T
Tom Anderson
Hello!
We're working on performance-tuning an application. I won't go into the
details, but basically, there's a stack of tasks: tasks are popped off the
stack, executed, and any resulting new work units (of which there are
generally hundreds) pushed back onto the stack. Effectively, the app is
making a depth-first traversal of a tree, in which the nodes are tasks. We
limit the depth to which we explore the tree, and also the total number of
tasks done, so that we're not doing this forever. Along the way, results
are generated, and these are accumulated in a list; the results have a
'goodness' metric, and we actually only keep track of the 20 best so far.
The tasks and results are quite small, and the whole app runs in <100 MB
of memory. We have plenty more than that, so there's no paging (i see <10
disk transfers per second in perfmon during a run). I don't know about the
hit rate on the CPU caches - i don't know how to measure that. As a
result, the app seems to be CPU-bound: it consistently uses >95% of the
CPU while running.
When it's single-threaded, that is. But one thing we've done is to make
the app multithreaded: the decomposition of the work into tasks made this
very simple, in that we just wrapped locks around the stack's push and pop
operations, and the result list's add operation, and then fired several
threads into the main loop. We've verified that it's producing the same
results as when it was single-threaded.
We've got a speedup, but not quite as much as we'd hoped. When we run with
three threads on an otherwise unloaded four-core machine, we get all three
cores running at about 85% capacity - varying from 70% to 90%. The time
taken to finish the task increases as you'd expect from that: almost, but
not quite, three times faster than the single-threaded case.

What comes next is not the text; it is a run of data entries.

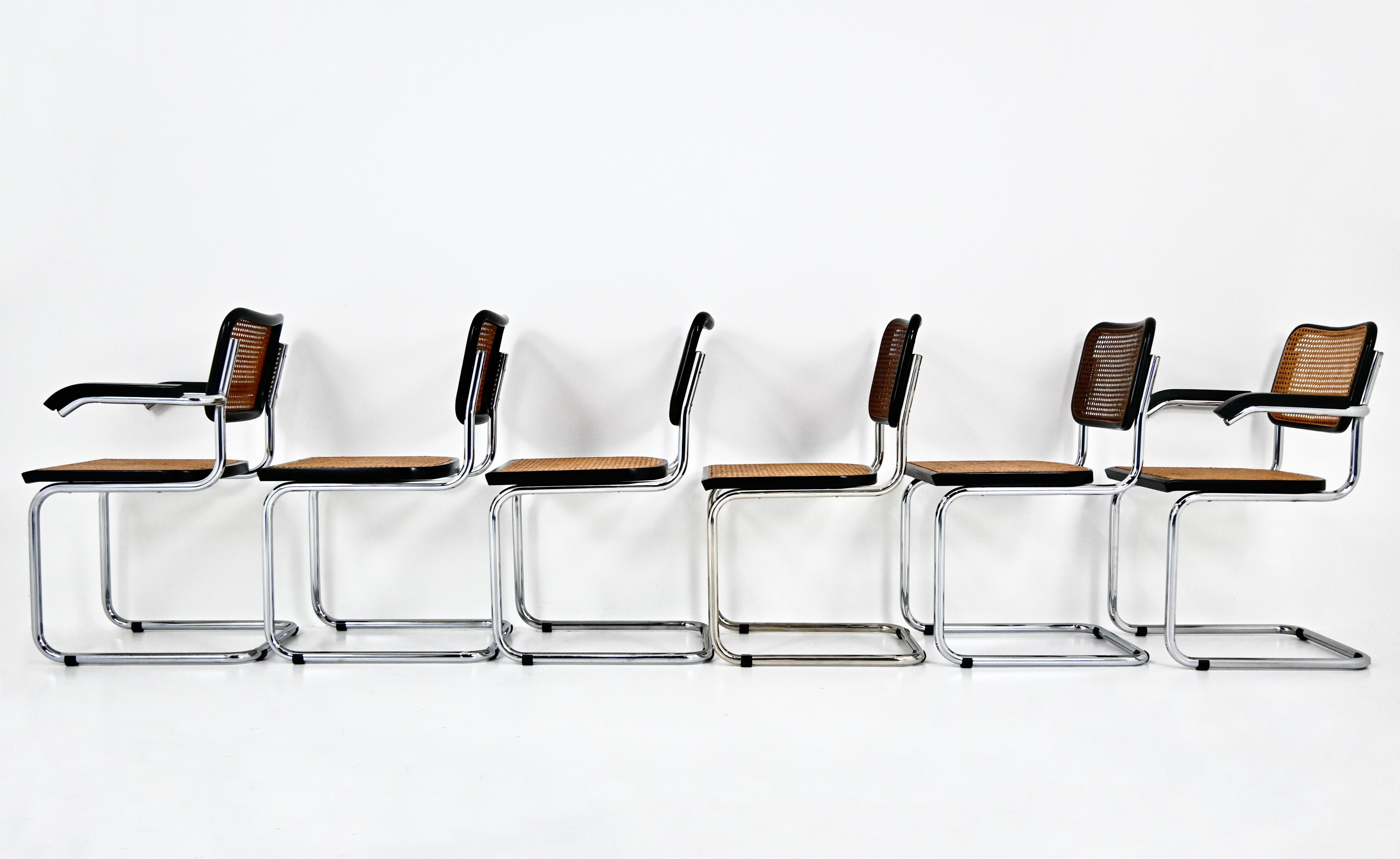 Metallo Dining Chairs Style B32 by Marcel Breuer, Set of 6 in vendita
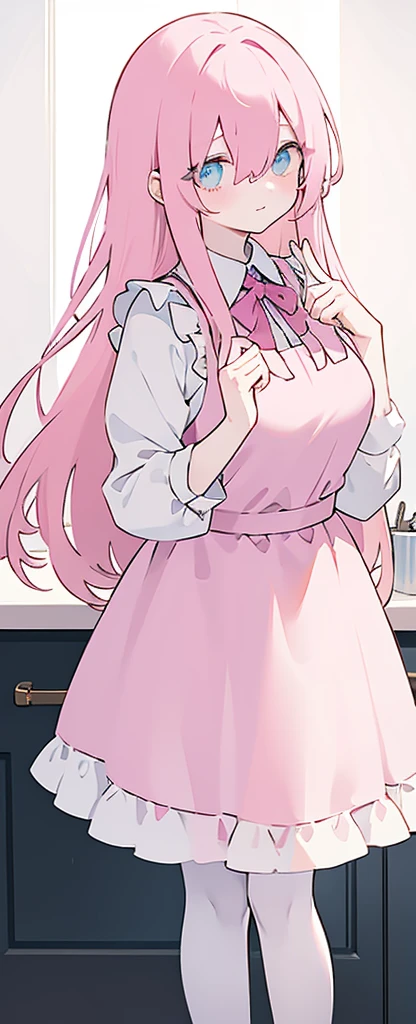 (((Long pinky Beautiful Hair))),pink hair,kawai,(((Eyes visible from bangs,hair over eyes:1.3))),,Huge breasts,(cyan color eyes),,(pink slanted eyes),1girl in,bangs,long CYAN hair, pantyhose,Cowboy Shot,white background,short hair,smiled,(wearing pink maid clothes), (maid dress type must have a perfect pink vest), Bangs should be long to the tip of the chin(((Standing pose facing to the right side free hand pose))), Kitchen room background, Perfect arm fingers,,, 1 girl, ((The image must match the tag)) Bangs almost cover the eyes full body (The character's entire body from top to bottom is completely visible) (the character image is clearly visible from the top of the head to the tip of the knees)
the character image is clearly visible from the top of the head to the tip of the knees)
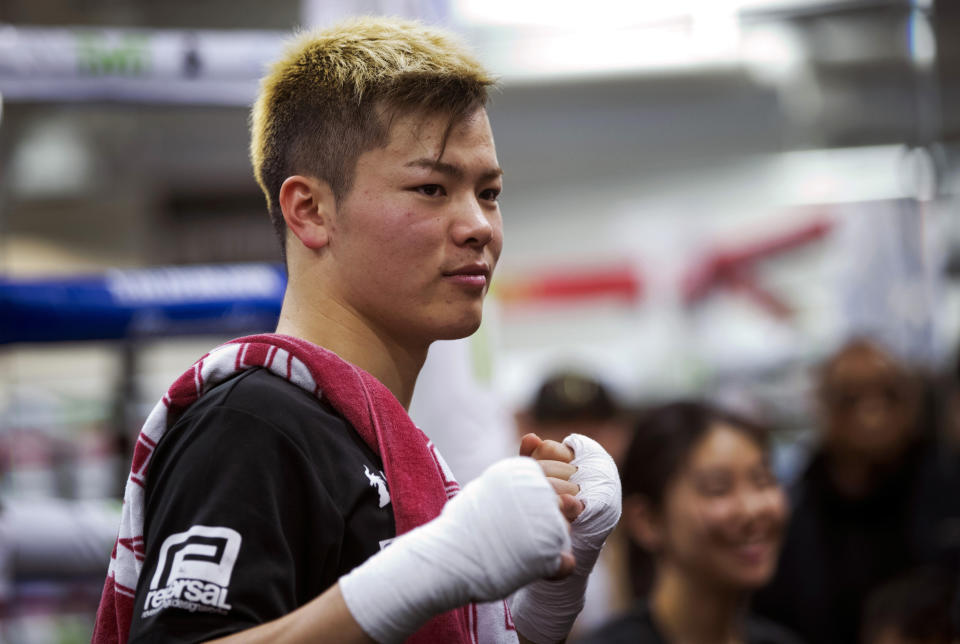Kickboxer Tenshin Nasukawa, of Japan, poses in the Mayweather Boxing Club in Las Vegas, Thursday, Dec. 6, 2018. Nasukawa is scheduled to face Floyd Mayweather Jr. in a three-round exhibition match in Japan on New Year's Eve. (Steve Marcus/Las Vegas Sun via AP)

We've tried setting processor affinity on the threads, so they aren't
moving from core to core unnecessarily, and it makes no difference.
So, why are the processors idle 15% of the time?
If a processor's idle, it's because there are no threads to run. We have
three threads; if one can't run, it's because it's blocked. Threads block
on three things: I/O, acquisition of locks held by other threads, and
sleeps (am i missing anything?). The app isn't doing any I/O (as i say
above, a handful of disk transfers a second, and it doesn't touch the
network, the screen, or anything else), and as far as i know, there are no
sleep calls.
But there are locks that get acquired on shared objects - the task stack
and the result list. There could also be locks in the VM or the core
libraries, about which i know nothing. If there was contention on those
locks, it would lead to blocking. Perfmon reports about 20 contentions a
second, which doesn't seem like a lot. The activities protected by those
locks are all fairly simple - pushing or popping a task on a stack
implented as a linked list, or traversing a list of 20 results looking for
one we can kick out, and doing a remove and an add if we find one. So,
even if there was contention over those locks, i wouldn't expect the
waiting thread to have to wait very long - just the few microseconds it
takes to do those operations. 20 times a few microseconds doesn't add up
to 15%, IYSWIM!
Nevertheless, we tried to reduce contention: we went from pushing child
tasks onto the stack one by one to batching them up and pushing a whole
family of siblings onto the stack at once, under a single lock
acquisition. We split the result list into one per thread, with a merge
into a global list at the end of the job, so there's no contended locking
there at all during the run. We got the measured contentions down to 3 per
second, but there was no change in CPU use or throughput.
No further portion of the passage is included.